For a full 30 minutes the crowd whoop, cheer and lightly bash into each other as we flick our limp wrists and gyrate – it was quite the experience!

Dinner to follow as we gather the crew once again, settling down for a dinner of risotto, with peas and chorizo. After a long cook, it’s greedily devoured, the envious glances of fellow, less-organised campers feeds my glee almost as much as the food!

Ging Gang Goolie Adventure Time

Finn and Jake hats at the ready, we get changed. I’m all dolled up in my universe legging, iridescent, 90s windbreaker jacket, and after a few drinks and chat with new and old friends a like, campfire time has come!

Regretfully, no Ging Gang Goolie, and despite good intentions, not even Wonderwall gets sung fully, as verses are remixed, rehashed and decimated by the out of tune, out of time and out of it wailings of 40 or so party revellers.

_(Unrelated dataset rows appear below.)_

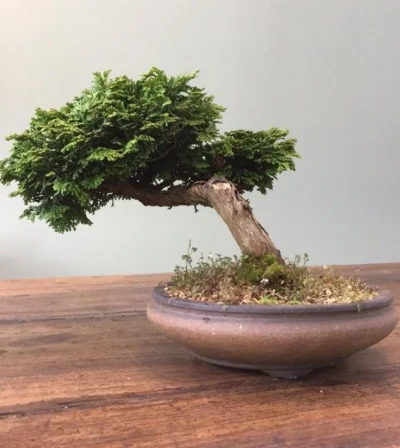 Piceek - Orintuje sie ktos ile taki 20 letni cyprysik jest warty?
#bonsai #ogrodnict...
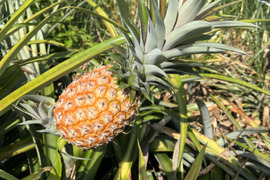 【希少】樹上完熟ピーチパイン2〜3玉🍑🍍(2kg〜)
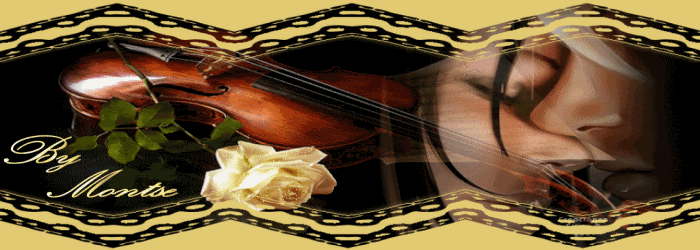 FLORVIOLINENPAREJAABAJOSELLO.gif picture by MONTSE_028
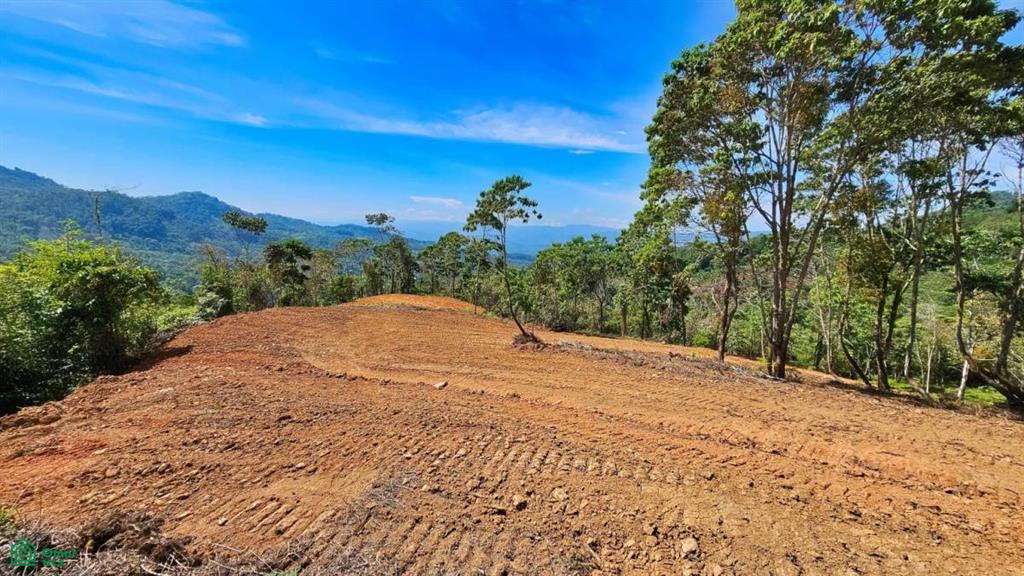 Finca 42 acres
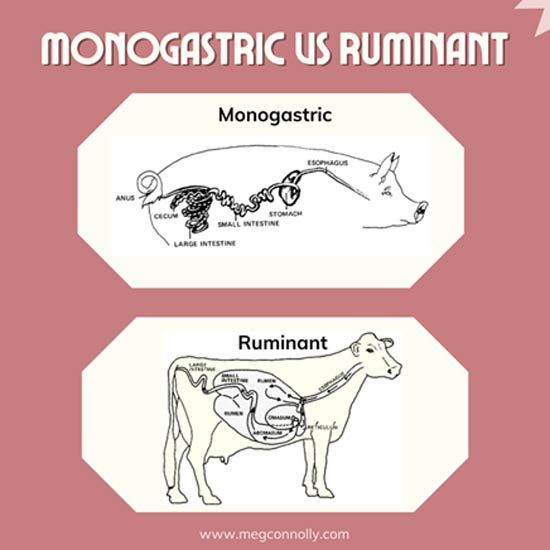 monogastric vs ruminant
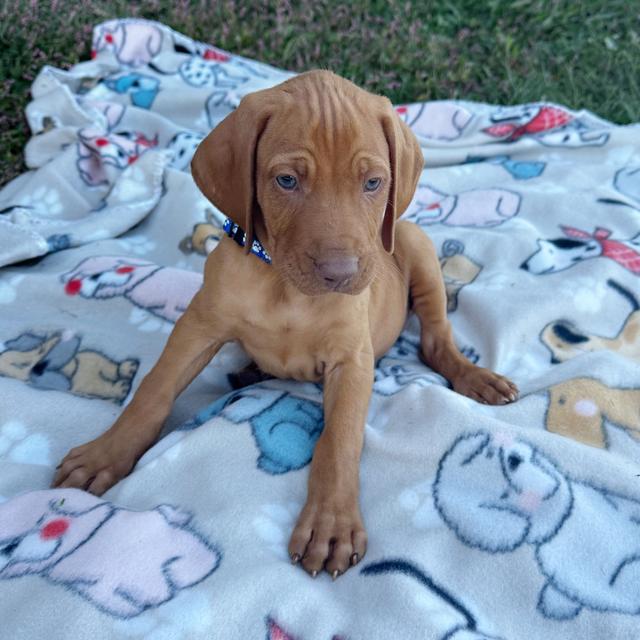 Pumpkin - Vizsla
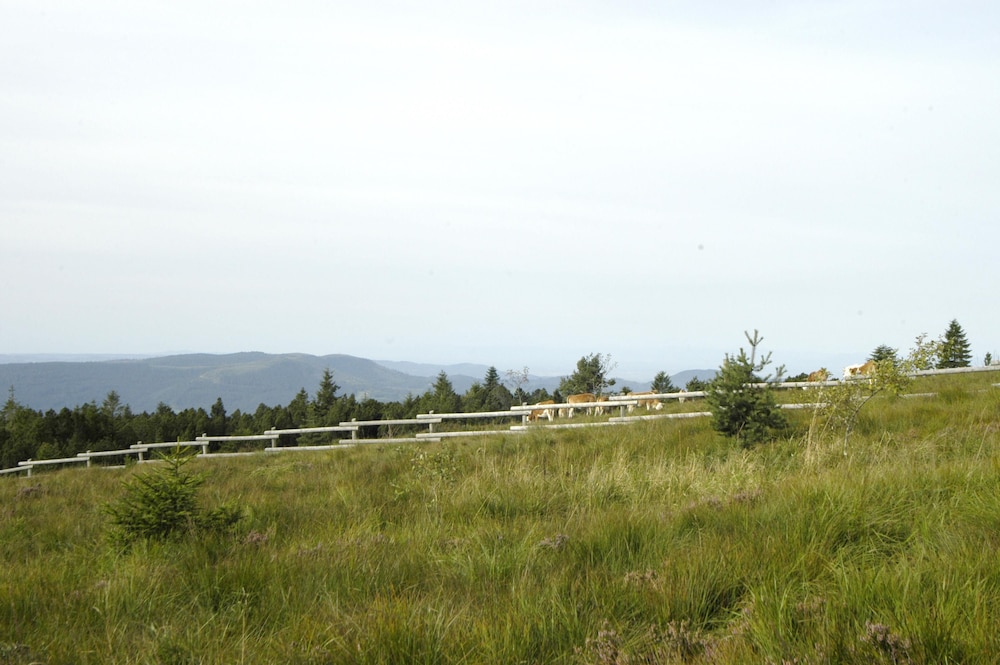 Others, Wellness- & Nationalpark Hotel Schliffkopf, BWSC, Ortenaukreis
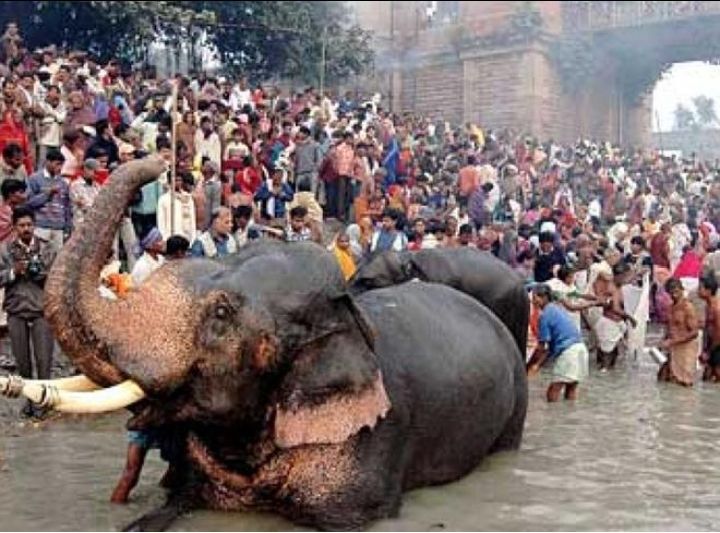 Photo of हाजीपुर में देखने लायक मुख्य जगहें। by Kosha Yadav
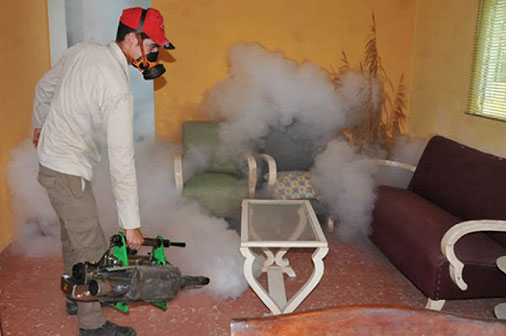 Plan de fumigacion contra el Aedes aegypti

Then, like the accidental letting off of a half-blown balloon, the crowd is racing, stomping and fighting its way to the People’s Stage to hear and see none other than DJ Yoda. Again I walk to the toilet, conscious that my grasp of my bladder may not survive two hours of flailing to hip hop.

I think it was awesome.

I feel like it was awesome, on a deep internal, guttural level. No cuts on my hands confirm that my rave gestures have thankfully failed to connect with any faces, and I find myself surrounded by friends, on the opposite side of the tent from where I started.

Once again, my moves have broken down dimensional barriers, transported me through the bodies of a crowd and delivered me to my friends – good job!

Noticing the cries of my aging body, I retire from the campfire, brush my teeth for 10 minutes as I make friends with exiting festivalers, slide beneath my survival blanket, and sleep; knowing that if I died tonight, I had danced my all, and would leave a beautiful corpse.